Zmierzch Bogów
Wracać wciąż do domu Le Guin

Ziarenko by Draven. Strona: 1

Artykuł: Ziarenko by Draven

Ziarenko by Draven Wysłany: 2006-06-07 19:59 Zmieniony: 2006-06-13 11:51

nieźle się zaczyna trochę słabiej kończy nieregularność rymów w zasadzie mi nie przeszkadza :D gdyby tak dopieścić fragment od "Mimo ze ta głupia..." do końca to mniam mniam :D


"każdy tańczy na swej linie pośród swoich znaczeń każdy w oczach widzów ginie gdy tańczy na pokaz"


Wysłany: 2006-06-08 12:03

Bardzo dziękuje...=) Jeżeli chodzi o nieregularność to ja nigdy nie zwracałem na to uwagi... a wspominając o końcu to sam naprawdę nie wiem...musze nad tym pomyśleć..jeszcze raz dzięki =]



Wysłany: 2006-06-09 20:19

Mnic tam nie przeszkadza. A taka nie regularność też ma swój urok. Nie jest przecie powiedziane, że jak pisać z rymami to wszedzie musi się rymować.


"God made me a cannibal to fix problems like you."


Wysłany: 2006-06-09 21:57

przecież mówie ze nie przeszkadza :P z rymami to róznie bywa - osobiście drażnią mnie te dokładne ale to już takie tam moje odczucia xD reasumując muszę zgodzic się z Kostuchem :D


"każdy tańczy na swej linie pośród swoich znaczeń każdy w oczach widzów ginie gdy tańczy na pokaz"


Wysłany: 2006-06-09 22:22

Ale wracając do tekstu to podoba mi się jezyk i styl jakiego Draven użył. Podobają mi się jego wiersze. Nie pisze w skomplikwoany sposób ale też nie wszystko jest ukazane wprost.

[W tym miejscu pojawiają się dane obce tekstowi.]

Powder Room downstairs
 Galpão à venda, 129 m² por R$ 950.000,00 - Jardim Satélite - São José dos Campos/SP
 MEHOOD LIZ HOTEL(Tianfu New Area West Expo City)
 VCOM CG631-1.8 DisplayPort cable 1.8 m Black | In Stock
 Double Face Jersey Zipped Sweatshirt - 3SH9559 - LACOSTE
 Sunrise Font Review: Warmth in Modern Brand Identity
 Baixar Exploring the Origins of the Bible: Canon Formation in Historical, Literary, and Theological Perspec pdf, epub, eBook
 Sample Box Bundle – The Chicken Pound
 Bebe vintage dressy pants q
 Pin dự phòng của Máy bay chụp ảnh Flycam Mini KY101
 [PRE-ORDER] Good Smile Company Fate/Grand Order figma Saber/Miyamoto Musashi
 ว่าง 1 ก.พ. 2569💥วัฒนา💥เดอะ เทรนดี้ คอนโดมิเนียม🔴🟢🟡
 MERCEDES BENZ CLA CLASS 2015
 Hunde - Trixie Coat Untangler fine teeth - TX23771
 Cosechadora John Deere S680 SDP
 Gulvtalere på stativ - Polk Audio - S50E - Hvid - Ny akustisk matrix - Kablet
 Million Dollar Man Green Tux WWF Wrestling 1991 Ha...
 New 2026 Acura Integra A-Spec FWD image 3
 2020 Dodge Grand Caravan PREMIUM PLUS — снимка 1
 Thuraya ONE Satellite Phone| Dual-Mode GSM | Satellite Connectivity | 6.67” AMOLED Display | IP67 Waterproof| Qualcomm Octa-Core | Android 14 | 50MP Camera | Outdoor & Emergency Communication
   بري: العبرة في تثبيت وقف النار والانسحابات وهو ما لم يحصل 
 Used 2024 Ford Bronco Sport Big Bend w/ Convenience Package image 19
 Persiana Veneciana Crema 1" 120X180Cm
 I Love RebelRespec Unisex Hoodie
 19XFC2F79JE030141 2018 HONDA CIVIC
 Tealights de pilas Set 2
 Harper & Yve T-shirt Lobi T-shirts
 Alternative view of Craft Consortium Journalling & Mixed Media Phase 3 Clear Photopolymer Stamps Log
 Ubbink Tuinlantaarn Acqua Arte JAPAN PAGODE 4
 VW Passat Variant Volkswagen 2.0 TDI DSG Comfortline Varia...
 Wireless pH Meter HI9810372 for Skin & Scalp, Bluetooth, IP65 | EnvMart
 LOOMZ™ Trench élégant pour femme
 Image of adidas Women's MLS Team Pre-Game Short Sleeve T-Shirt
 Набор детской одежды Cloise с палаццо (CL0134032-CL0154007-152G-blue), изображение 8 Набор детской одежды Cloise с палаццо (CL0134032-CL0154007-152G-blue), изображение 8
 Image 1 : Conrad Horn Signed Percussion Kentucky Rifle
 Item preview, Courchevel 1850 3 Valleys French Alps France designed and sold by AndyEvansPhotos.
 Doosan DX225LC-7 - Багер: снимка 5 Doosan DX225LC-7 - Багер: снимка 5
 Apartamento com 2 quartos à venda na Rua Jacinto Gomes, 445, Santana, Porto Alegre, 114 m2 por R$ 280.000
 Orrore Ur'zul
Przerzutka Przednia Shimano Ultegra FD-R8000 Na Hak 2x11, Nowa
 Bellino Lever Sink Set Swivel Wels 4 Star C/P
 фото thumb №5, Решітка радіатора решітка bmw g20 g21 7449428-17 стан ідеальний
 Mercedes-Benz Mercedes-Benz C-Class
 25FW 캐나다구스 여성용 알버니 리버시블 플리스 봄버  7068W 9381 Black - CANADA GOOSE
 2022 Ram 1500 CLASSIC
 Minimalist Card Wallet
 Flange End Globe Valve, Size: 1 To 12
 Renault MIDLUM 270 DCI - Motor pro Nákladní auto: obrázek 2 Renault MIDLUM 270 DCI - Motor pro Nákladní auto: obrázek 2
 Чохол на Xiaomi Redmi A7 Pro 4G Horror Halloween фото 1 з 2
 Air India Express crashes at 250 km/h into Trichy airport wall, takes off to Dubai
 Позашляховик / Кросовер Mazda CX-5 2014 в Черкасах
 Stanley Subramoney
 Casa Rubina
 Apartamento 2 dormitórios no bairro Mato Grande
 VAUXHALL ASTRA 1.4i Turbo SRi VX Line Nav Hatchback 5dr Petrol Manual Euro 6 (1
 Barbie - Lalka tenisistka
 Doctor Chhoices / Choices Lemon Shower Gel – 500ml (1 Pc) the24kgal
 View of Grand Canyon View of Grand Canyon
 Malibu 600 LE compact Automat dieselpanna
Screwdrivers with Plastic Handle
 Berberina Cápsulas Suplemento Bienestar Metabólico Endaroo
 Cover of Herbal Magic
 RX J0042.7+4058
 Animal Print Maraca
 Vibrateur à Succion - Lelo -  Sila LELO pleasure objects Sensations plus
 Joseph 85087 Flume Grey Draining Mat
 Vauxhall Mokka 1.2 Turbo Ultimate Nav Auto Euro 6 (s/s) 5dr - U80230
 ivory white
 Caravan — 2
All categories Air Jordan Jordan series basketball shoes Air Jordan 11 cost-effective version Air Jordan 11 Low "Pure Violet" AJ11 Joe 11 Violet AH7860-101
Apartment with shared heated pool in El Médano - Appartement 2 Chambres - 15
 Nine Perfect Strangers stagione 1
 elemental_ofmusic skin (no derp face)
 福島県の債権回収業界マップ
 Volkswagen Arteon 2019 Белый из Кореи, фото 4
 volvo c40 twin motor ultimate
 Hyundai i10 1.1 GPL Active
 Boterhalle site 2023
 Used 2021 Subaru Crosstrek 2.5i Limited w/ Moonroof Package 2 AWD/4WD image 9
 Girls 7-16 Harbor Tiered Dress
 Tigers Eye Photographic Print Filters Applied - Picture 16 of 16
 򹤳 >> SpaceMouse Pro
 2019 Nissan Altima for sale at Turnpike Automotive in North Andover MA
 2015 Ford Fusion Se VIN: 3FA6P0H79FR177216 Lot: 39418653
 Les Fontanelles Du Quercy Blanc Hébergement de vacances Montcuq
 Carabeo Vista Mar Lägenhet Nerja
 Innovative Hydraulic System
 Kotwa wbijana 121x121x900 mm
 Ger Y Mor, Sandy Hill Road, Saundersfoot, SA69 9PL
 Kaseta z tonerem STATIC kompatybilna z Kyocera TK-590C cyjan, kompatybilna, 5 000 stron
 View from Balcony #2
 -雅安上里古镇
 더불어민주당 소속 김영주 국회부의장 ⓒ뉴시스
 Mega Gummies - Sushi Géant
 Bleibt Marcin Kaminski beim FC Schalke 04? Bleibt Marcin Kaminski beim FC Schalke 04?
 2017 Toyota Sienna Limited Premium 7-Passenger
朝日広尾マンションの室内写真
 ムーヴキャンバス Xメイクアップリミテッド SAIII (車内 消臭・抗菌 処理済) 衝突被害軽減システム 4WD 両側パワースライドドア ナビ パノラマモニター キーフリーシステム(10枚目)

"God made me a cannibal to fix problems like you."


Wysłany: 2006-06-10 09:55

Skomplikowanośc.... jak zaczynam pisac wiersz jakiś to nie myśle czy on będzie skomplikowany, czy cokolwiek. Ja w istocie nic nie myśle jak zaczynam pisać...w tym przypadku było zupełnie tak samo. Jak już Hexe powiedziałem w moje wiersze to przedewszystkim niejednoznaczność....



Wysłany: 2006-06-10 15:57

Ja też podczas pisania nie myśle nad stylem. Ja poprostu przepisuje go sobie z głowy i tam już wszystko jest ustalone.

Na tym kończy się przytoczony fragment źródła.